Germany's foreign ministry on Thursday called in the Russian ambassador to discuss possible sanctions against Moscow over a 2015 cyberattack on the German parliament, in an escalating diplomatic row.
"The Russian ambassador was informed that on the basis of an arrest warrant issued by the (German) federal prosecutor's office on May 5 against Russian national Dmitry Badin, that the German government will seek in Brussels to use the EU cyber sanctions regime against those responsible for the attack on the German Bundestag, including Mr. Badin," the ministry said in a statement.
German Chancellor Angela Merkel told parliament this month that Russia was targeting her in hacking attacks, saying she had concrete proof of the "outrageous" spying attempts and raising the possibility of sanctions.
"I can honestly say that it pains me. Every day I try to build a better relationship with Russia, and on the other hand, there is such hard evidence that Russian forces are doing this," she told parliament.
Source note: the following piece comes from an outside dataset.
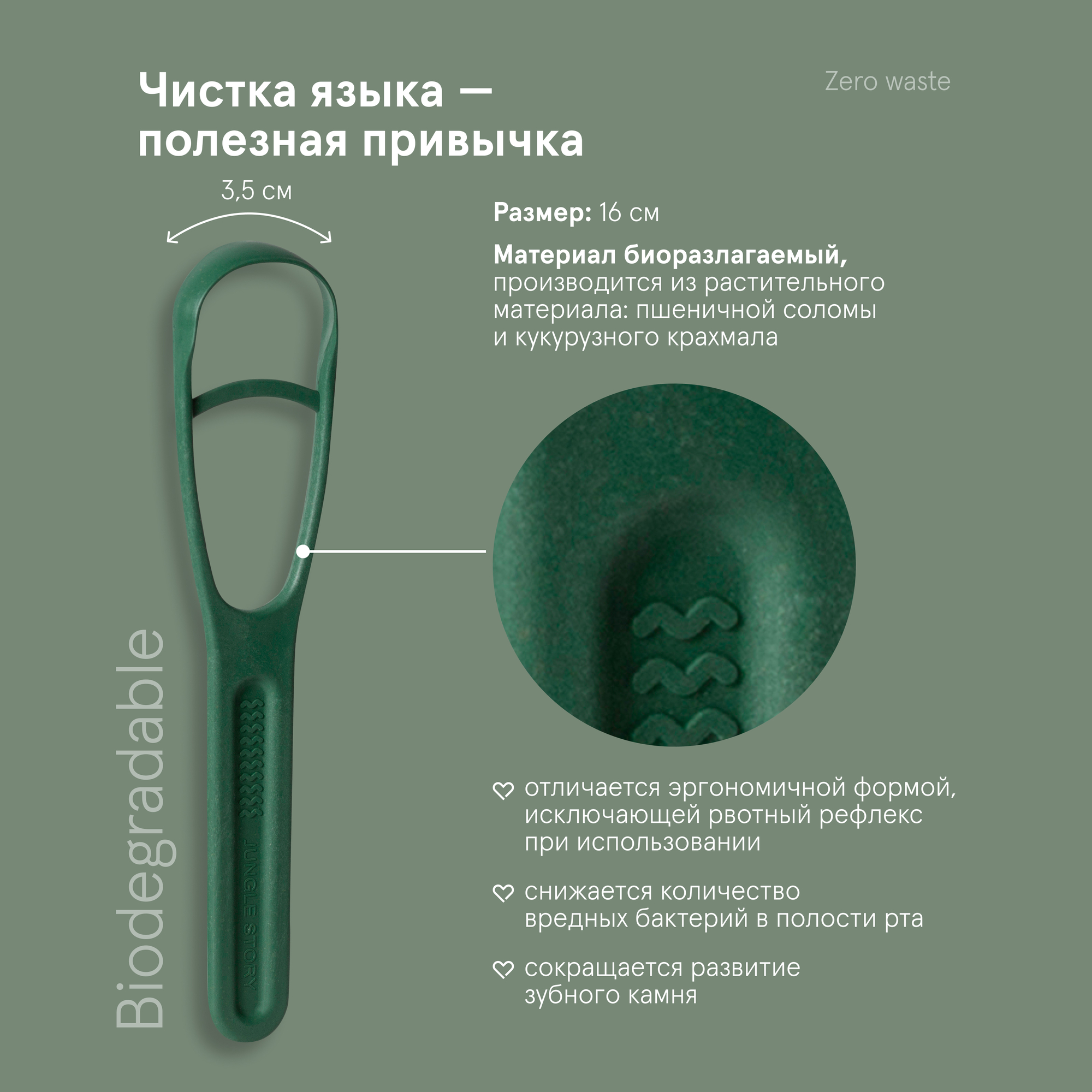 Скребок для чистки языка эко Jungle Story Deep Green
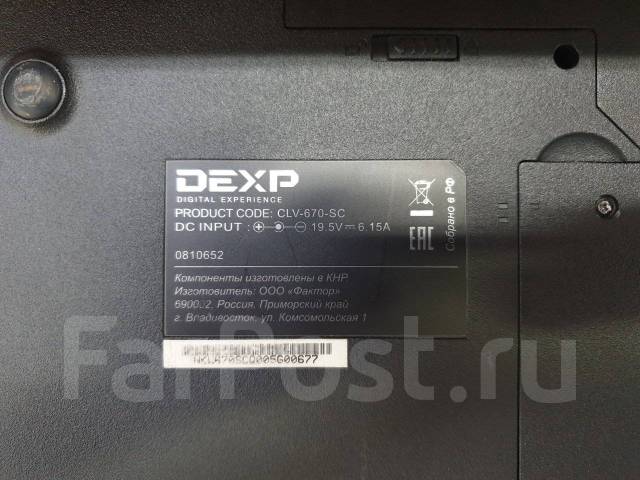 Dexp w650sf нет изображения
Germany's intelligence service has repeatedly called out attempts by Russian hackers to spy on lawmakers or leading politicians.
German media reported that among information copied by hackers in 2015 was data from Merkel's email account. That attack also targeted the Bundestag.
Merkel said investigators into the 2015 hacking had identified a specific suspect.
"Unfortunately the conclusion I have reached is that this is not new," she said, noting that "cyber-disorientation, the distortion of facts" were all part of "Russia's strategy."
"Obviously this doesn't make it easier" to foster a better relationship with Moscow, she said, calling such spying tactics "more than uncomfortable."
Meanwhile, Russian Foreign Minister Sergei Lavrov rejected allegations.
"Five years have passed. Not a single concrete fact has been provided," Lavrov said in a live interview with Russia's RBK media group.
Lavrov charged that Berlin had decided Moscow was guilty even though "there are no facts in relation to Russia."
"They suddenly said in the Bundestag... that all of this is outrageous and it had been done by Russians."
Badin is also wanted by the FBI for other cyberattacks, including those targeting the Democrats during the 2016 US presidential election.
He was accused by the German federal prosecutor's office this month of spying against the Bundestag lower house of parliament in 2015 on behalf of Russia's GRU military intelligence service.
The operation aimed at the Bundestag involved an aggressive attack called Sofacy or APT 28 that had also struck NATO members and knocked French TV station TV5Monde off the air.
The move comes against the backdrop of mounting friction with Berlin over Moscow's actions in different arenas from annexing Ukraine's Crimea, to cyber meddling in elections and its backing of Bashar al-Assad's regime in Syria.